Combining Backdoor and Traditional Roth IRAs

I’m meeting with some prospective clients soon. One spouse owns a large 401k which he will continue to contribute to until he retires in 2 years. Additionally, each spouse owns a Backdoor Roth IRA at Pershing and a traditional Roth IRA at Lincoln Financial. All of the Roth IRAs were recently invested in C shares by their current advisers. The prospective clients want me to manage all of their Roth investments for them. My plan is to transfer in-kind the investments of each spouse’s Pershing Backdoor Roth IRA and Lincoln traditional Roth IRA into a single TD Ameritrade traditional Roth IRA. I will then reinvest the C shares after the CDSC period has passed.

Does anyone happen to know of any drawbacks or rules against combining a Backdoor Roth IRA and a traditional Roth IRA into a single Roth IRA? Any insight ya’ll can provide would be greatly appreciated!

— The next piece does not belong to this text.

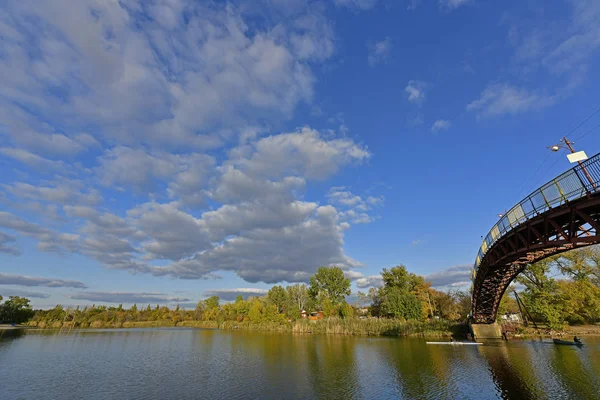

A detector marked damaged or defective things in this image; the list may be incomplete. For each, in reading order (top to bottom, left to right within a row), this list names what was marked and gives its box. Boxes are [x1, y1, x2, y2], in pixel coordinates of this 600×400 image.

rusted steel structure [472, 152, 600, 324]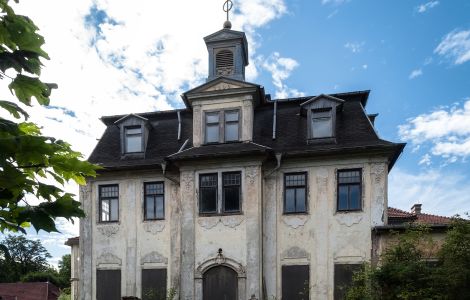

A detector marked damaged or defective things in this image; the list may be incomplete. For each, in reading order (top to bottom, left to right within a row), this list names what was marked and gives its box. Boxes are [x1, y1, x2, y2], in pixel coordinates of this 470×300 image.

peeling plaster wall [264, 158, 390, 298]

There is no reason not to combine the Roth accounts. Taxation of any Roth distributions treats all Roth accounts as one combined account, therefore client needs to keep track of their total Roth IRA basis in case they ever take a distribution before their Roth is qualified. This is not any more difficult with a single account than with multiple accounts.  Also, now that Roth conversions can no longer be recharacterized, there is no reason to keep separate accounts just for the purposes of making the earnings math simpler for recharacterization planning.